Understanding the equation for margin in linear classification

2.5k Views Asked by At

In linear classification, the margin is the distance that the closest point is to the separating hyperplane. It is useful because not all hyperplanes are equal, so taking the hyperplane with the largest margin is an intuitive way to select the best hyperplane. But I do not understand this equation:

$$ \epsilon = \max_{|W| \leq 1} \min_i {w^Tx_i \cdot y_i} $$

where $\epsilon$ is the margin, $w$ is a hyperplane in the set of possible hyperplanes $W$, $x_i$ is sample $i$, $y_i \in \{-1, 1\}$ is the label for sample $i$.

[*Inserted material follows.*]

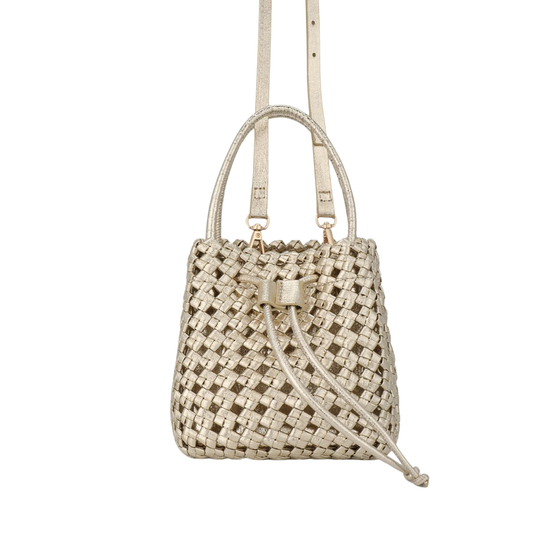 Perrie Bucket Mini Woven Sqaure Platinum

Can someone explain what the equation is doing? I get what we want to do conceptually, but do not understand this.

1

There are 1 best solutions below

2
On BEST ANSWER

We want $w^Tx_i$ (prediction) and $y_i$ (truth) to share the same sign, that is we desire that $$w^Tx_i y_i \geq 0$$

Suppose this condition can be satisfied, which hyperplane $w^Tx=0$ should we choose?

Suppose the hyperplane is given to us, $w^Tx=0$ and $\left\| w\right\|=1$, let's compute the distance of a point $x_iy_i$ from the hyperplane.

Note that $w$ is orthogonal to the hyperplane and $\left\| w\right\|=1$, hence the distance of the point $x_iy_i$ from the hyperplane can be compute as $w^Tx_iy_i$ (i.e. projecting to the direction that is orthogonal to the hyperplane)

Given a training data set, the smallest distance from the hyperplane is then

$$\min_i w^Tx_iy_i$$

We want to choose $w$ that maximizes this quantity, hence the problem becomes

$$\max_{\left\|w\right\|=1}\min_i w^Tx_iy_i$$

It is easy to see that

$$\max_{\left\|w\right\|=1}\min_i w^Tx_iy_i=\max_{\left\|w\right\| \leq 1}\min_i w^Tx_iy_i$$